Work item. Filter the records below for the word "side". Keep each line that has it.

BEGIN Source material

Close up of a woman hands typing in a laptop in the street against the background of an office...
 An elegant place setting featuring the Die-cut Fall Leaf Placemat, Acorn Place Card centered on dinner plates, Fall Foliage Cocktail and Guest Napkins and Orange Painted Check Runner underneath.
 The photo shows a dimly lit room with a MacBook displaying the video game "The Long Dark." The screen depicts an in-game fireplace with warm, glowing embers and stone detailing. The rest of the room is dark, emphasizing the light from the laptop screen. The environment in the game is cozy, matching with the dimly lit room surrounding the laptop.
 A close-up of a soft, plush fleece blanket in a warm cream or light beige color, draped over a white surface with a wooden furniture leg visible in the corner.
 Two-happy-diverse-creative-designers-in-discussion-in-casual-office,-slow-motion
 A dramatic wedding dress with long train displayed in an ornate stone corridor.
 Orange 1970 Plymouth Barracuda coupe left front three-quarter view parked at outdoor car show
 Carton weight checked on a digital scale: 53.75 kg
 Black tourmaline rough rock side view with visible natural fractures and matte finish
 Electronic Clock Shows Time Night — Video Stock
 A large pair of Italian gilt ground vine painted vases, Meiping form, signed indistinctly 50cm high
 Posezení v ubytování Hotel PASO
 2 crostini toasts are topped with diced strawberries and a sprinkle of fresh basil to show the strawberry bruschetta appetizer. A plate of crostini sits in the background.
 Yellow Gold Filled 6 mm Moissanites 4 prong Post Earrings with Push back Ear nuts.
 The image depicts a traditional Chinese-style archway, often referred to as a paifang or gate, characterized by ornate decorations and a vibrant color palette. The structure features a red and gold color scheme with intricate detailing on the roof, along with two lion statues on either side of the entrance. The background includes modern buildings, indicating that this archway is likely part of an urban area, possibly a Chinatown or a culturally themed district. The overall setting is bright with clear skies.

END Source material

Response area.
 Black tourmaline rough rock side view with visible natural fractures and matte finish
 The image depicts a traditional Chinese-style archway, often referred to as a paifang or gate, characterized by ornate decorations and a vibrant color palette. The structure features a red and gold color scheme with intricate detailing on the roof, along with two lion statues on either side of the entrance. The background includes modern buildings, indicating that this archway is likely part of an urban area, possibly a Chinatown or a culturally themed district. The overall setting is bright with clear skies.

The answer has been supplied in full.